Dweb: Offline Internet Archive

causi · on Jan 9, 2023

Archiving data from the Internet Archive is useful, but I would argue there's a greater need going unfulfilled: local direct site archiving. Twenty years ago you could punch a URL into HTTRACK and get a local site copy that was indistinguishable from the live version. As far as I know there's nothing like that available today. The closest methods I know involve stringing together four or five entirely separate utilities to get one saved site.

phiresky · on Jan 9, 2023

https://github.com/webrecorder/browsertrix-crawler works pretty well. Same tech as https://archiveweb.page/ but non-interactive

marban · on Jan 9, 2023

Cloudflare has more or less killed white-hat crawling en large. On top, you have sites like Bloomberg where even solutions like Puppeteer-stealth will fail at some point.

xwolfi · on Jan 9, 2023

And Selenium with clever clicking ? I never got why crawlers never took the approach to just be a slow human clicking around chrome.

traverseda · on Jan 9, 2023

Anyone looking into this, I'd recommend python-playwright. Good browser engines and the ability to hot patch every request means you don't need to write a separate proxy to intercept requests.

Writing something like this would be a pretty big project, at least a few solid weeks of work for someone who knew what they were doing, and there's a lot of edge cases.

marginalia_nu · on Jan 9, 2023

I run a crawler and I dunno if I agree with this description.

Usually anti-bot measures are in place for a reason, either to protect some paywalled content from scraping, or to prevent bots from getting at forms and causing a mess.

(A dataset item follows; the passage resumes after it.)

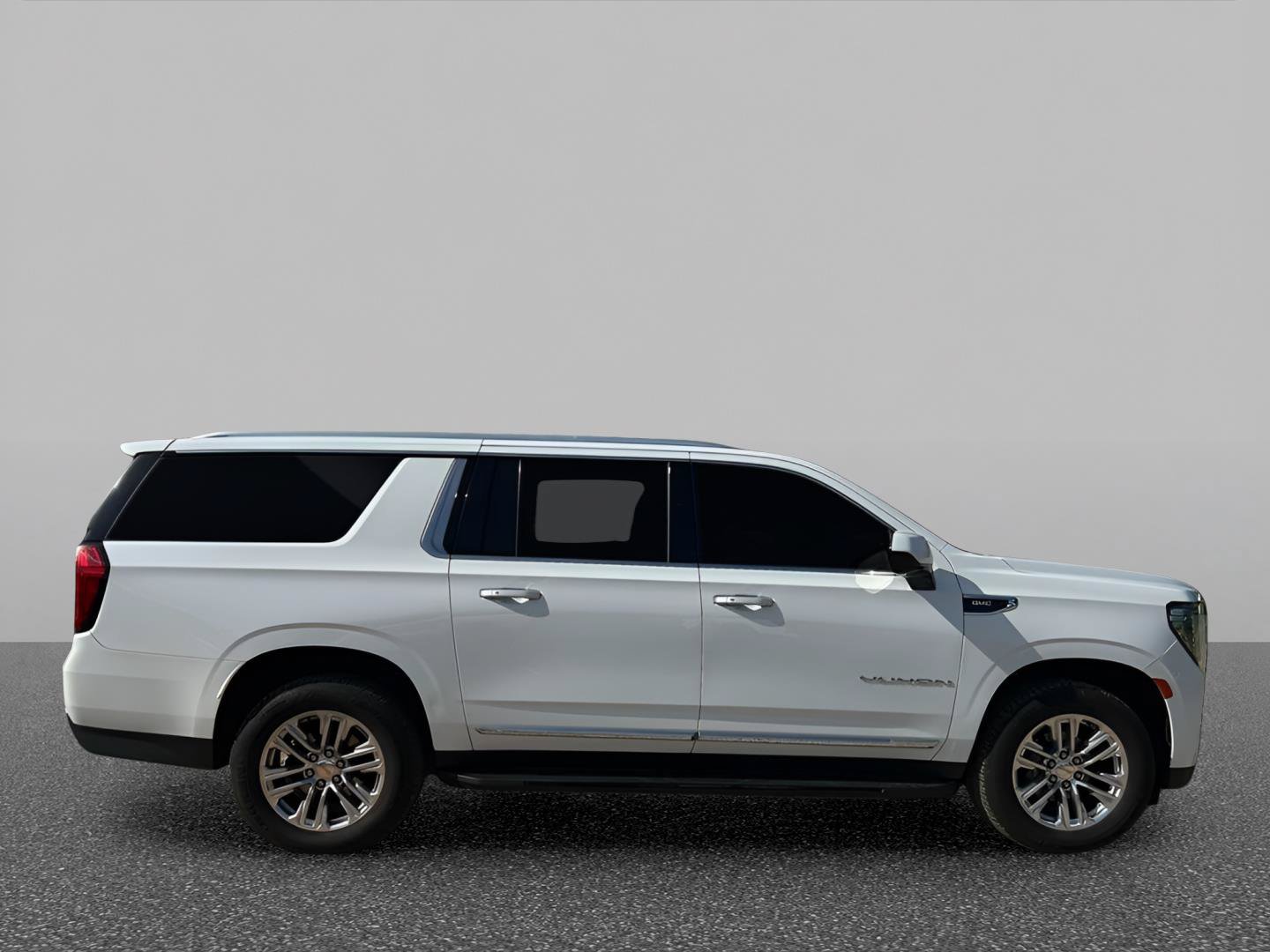 Used 2022 GMC Yukon XL SLT AWD/4WD image 7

Few webmasters have cloudflare (or similar) anti-bot measures turned up higher than it needs to be (because it 100% will annoy people), and content that isn't a high-value target for blackhat bot activity is rarely difficult to crawl.

suramya_tomar · on Jan 11, 2023

Well, wget still works and allows you to mirror a website with a single command The following command mirrors a given website:

wget --mirror --convert-links --adjust-extension --page-requisites --no-parent https://site-to-download.com

So not sure what you mean by there are no tools available to mirror a website.

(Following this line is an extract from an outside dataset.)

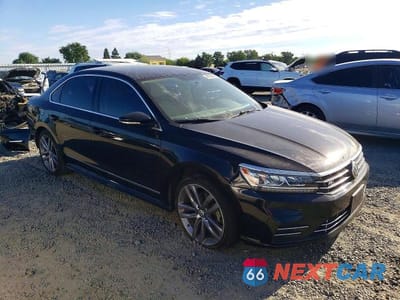 Czwarte zdjęcie samochodu z boku: 2017 VOLKSWAGEN PASSAT R-LINE VIN:1VWDT7A36HC006130 - miniatura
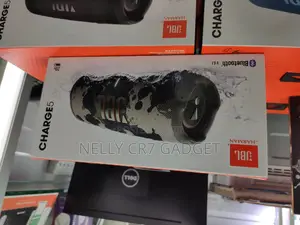 JBL Charge 5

vorpalhex · on Jan 9, 2023

ArchiveBox

https://github.com/ArchiveBox/ArchiveBox

causi · on Jan 9, 2023

If I'm reading this right, ArchiveBox is intended for archiving individual web pages, not entire sites.

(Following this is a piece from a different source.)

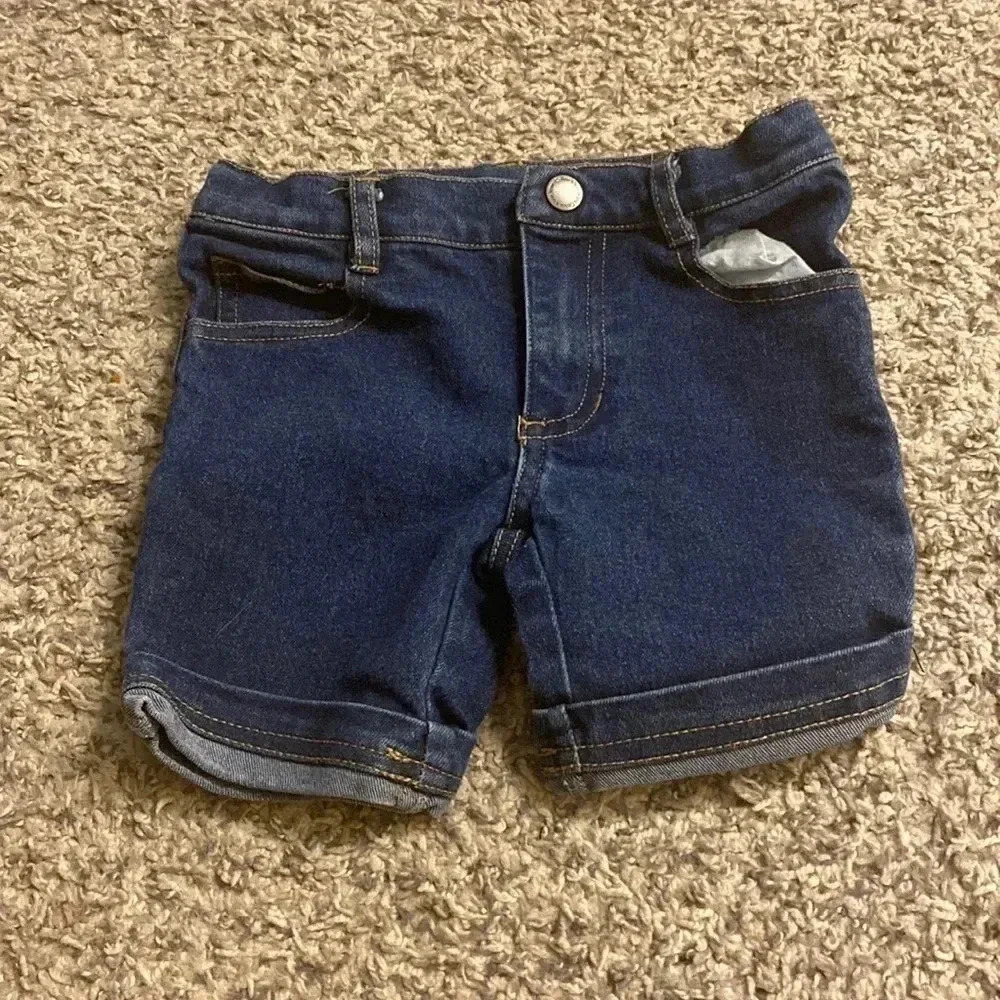 Calvin Klein toddler blue denim shorts | size 4T UNISEX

Brajeshwar · on Jan 9, 2023

Not to archive, but this was my way to learn HTML/CSS to build websites in 1999-2000.

taffit · on Jan 9, 2023

SingleFile [0] and SingleFileZ [1] are my tools of choice for archiving pages. Often using an adjusted version of the aardvark-bookmarklet for cutting out unwanted parts.

[0] https://chrome.google.com/webstore/detail/singlefile/mpiodij...

[1] https://chrome.google.com/webstore/detail/singlefilez/offkdf...

walterbell · on Jan 9, 2023

On iOS/macOS, DevonThink includes a web scraper with full-text local search.

janandonly · on Jan 9, 2023

This piqued my interest until I saw the $99 price.

walterbell · on Jan 9, 2023

iOS version is $3/mo or $50 for non-subscription. Cross-device sync via WebDAV, Dropbox or iCloud. Pricy, but they are an indie dev team who have been around for ~20 years, provide email support by competent humans, continuously add features, and most importantly, have been reliable with large databases (e.g. 75GB) on iOS. Web scraper can optionally convert to plaintext, markdown or PDF.

aliqot · on Jan 9, 2023

I just used HTTrack last week, it still works fine

Roark66 · on Jan 9, 2023

This is a nice project, but I scrolled this site in hope of finding a download link to the "offline content". I hope this project's goals include creating it.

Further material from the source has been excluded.